Ах, если бы он пошел туда служить! Тогда Рубин смело мог стащить из мемуаров Ходасевича эпизод, в который запросто можно было вставить Николая Бруни, ибо Ходасевич, назвав несколько фамилий (Белый, Гершензон, Пастернак, Чулков), написал далее — «и еще кто-то». Вспоминал он, как промозглой поздней осенью восемнадцатого года собралась группа писателей у Манежа, чтобы идти в Кремль к Луначарскому. Они шли жаловаться на голод и холод, на невозможность писать из-за необходимости просиживать штаны ради нищенского пайка в своем бессмысленном Театральном отделе, они еще надеялись на что-то, боясь признаться даже самим себе, что не очень понимают — на что. Ибо надеяться было уже поздно. Даже паек уже вот-вот собирался превратиться в пайку. Величественно и быстро разворачивалась одна из самых страшных трагедий: трагедия всеобщей сбывшейся мечты.

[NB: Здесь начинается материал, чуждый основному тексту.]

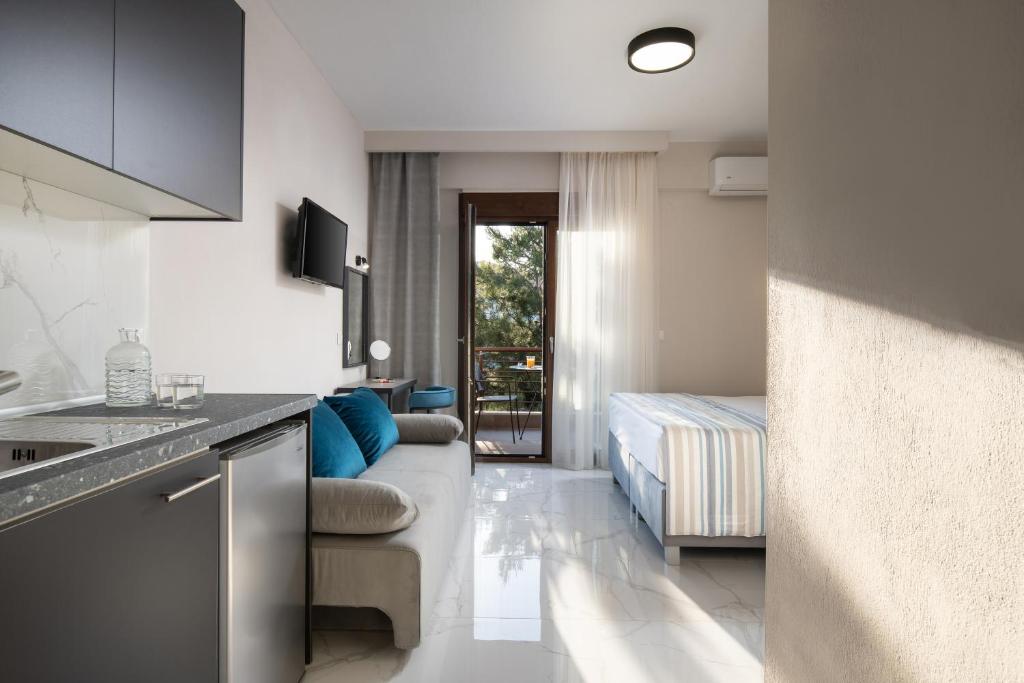 VagAthan - Lux Holidays - 19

Но они пошли. И Рубин не удержался — вставил в эту группу поэта Николая Бруни. Уж очень был велик соблазн такой подтасовки.
В Троицких воротах Кремля часовой трогал каждого за плечо (пропуск был общий) и вслух пересчитывал: один, второй, третий. Шестнадцать лет оставалось Бруни до такого же пересчета в тюрьме.

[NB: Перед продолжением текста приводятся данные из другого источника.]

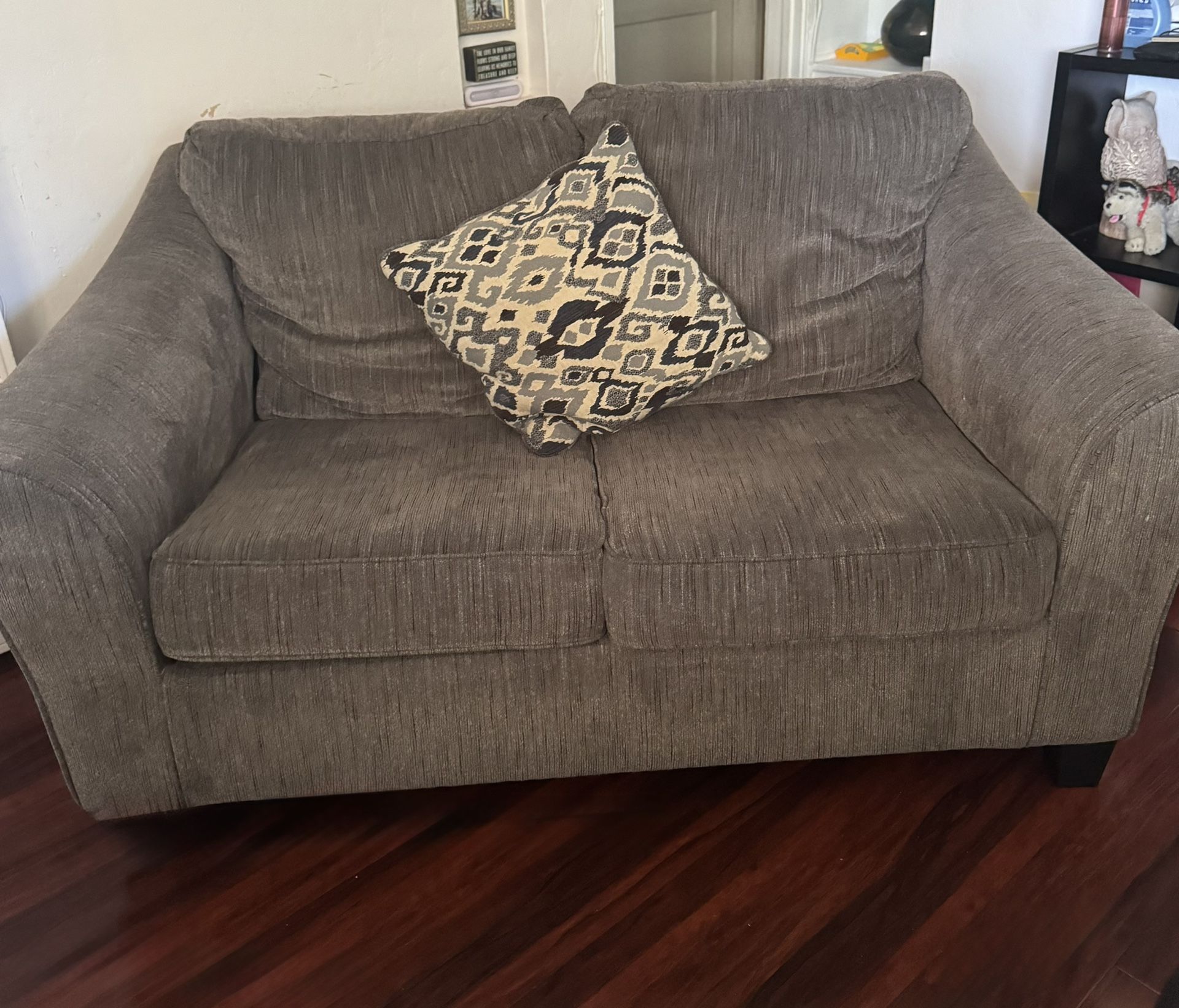 Couch Love Seat Color Gray, Dimensions: 61” Wide and 39” Depth. Pick Up In Van Nuys CA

Потом была комендатура (с тем же тщательным пересчетом), лестница (на поворотах маршей — часовые) и огромный белый коридор старинного служебного помещения. Луначарский принимал депутацию в кабинете своей квартиры в Кремле. Когда они расселись, Луначарский пристально и медленно обвел всех глазами, и Ходасевичу показалось, что нарком снова на всякий случай пересчитывает их.

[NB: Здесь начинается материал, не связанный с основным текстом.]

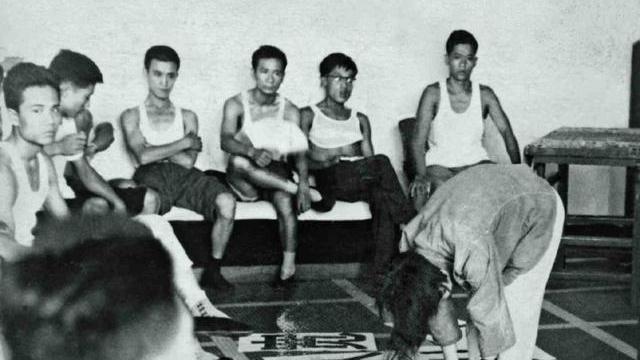 京剧|赵燕侠曾在文革中曾被两个演员“架飞机”，弟子朱虹怒斥人肉它们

Было у Рубина на совести одно смешное, но болезненное воспоминание о молодой жестокости давних лет. Уже заканчивал он школу тогда (шел пятьдесят третий год), историю преподавал у них некий Наум Соломонович, изгнанный из какого-то научного института в самом начале борьбы с безродными космополитами. Если кто и подходил внешне (схожестью с газетными карикатурами) под эту бессмысленную кличку, то, уж конечно, их Наум Соломонович — ввиду крайней непривлекательности своей и крайне типичной внешности. С пышными остатками белых кудрей вокруг огромной плеши, толстогубый и с огромным носом (из которого так же, как из ушей, торчали жесткие завитки волос), с темно-карими навыкате глазами, полными вековой скорби изгнанников, нездорово рыхлый и не только бедно, но и неряшливо всегда одетый, с невероятным, пародийным акцентом. В классе к нему по-разному относились, даже скорей любили за восторженно-необъятное знание своего предмета, но никогда не упускали случая подшутить, тайком передразнить, воспользоваться его тихостью и попустительством. Однажды Наум Соломонович на урок не явился — пришел директор, попросил час истории пересидеть спокойно, объяснил, что их учителя вызвали получать затерявшийся фронтовой орден, нашедший его спустя восемь лет. Мельком директор сказал, что у Наума Соломоновича это третий или четвертый орден, а медалей не сосчитать, что он всю войну воевал с отчаянной храбростью в пехотной разведке. В тоне директора чувствовались одновременно и любовь, и боязнь проявить ее чрезмерно, ибо в то время не ко всем имел право человек проявлять любовь, уважение, даже симпатии. Это решали за него, и нарушение регламента было чревато.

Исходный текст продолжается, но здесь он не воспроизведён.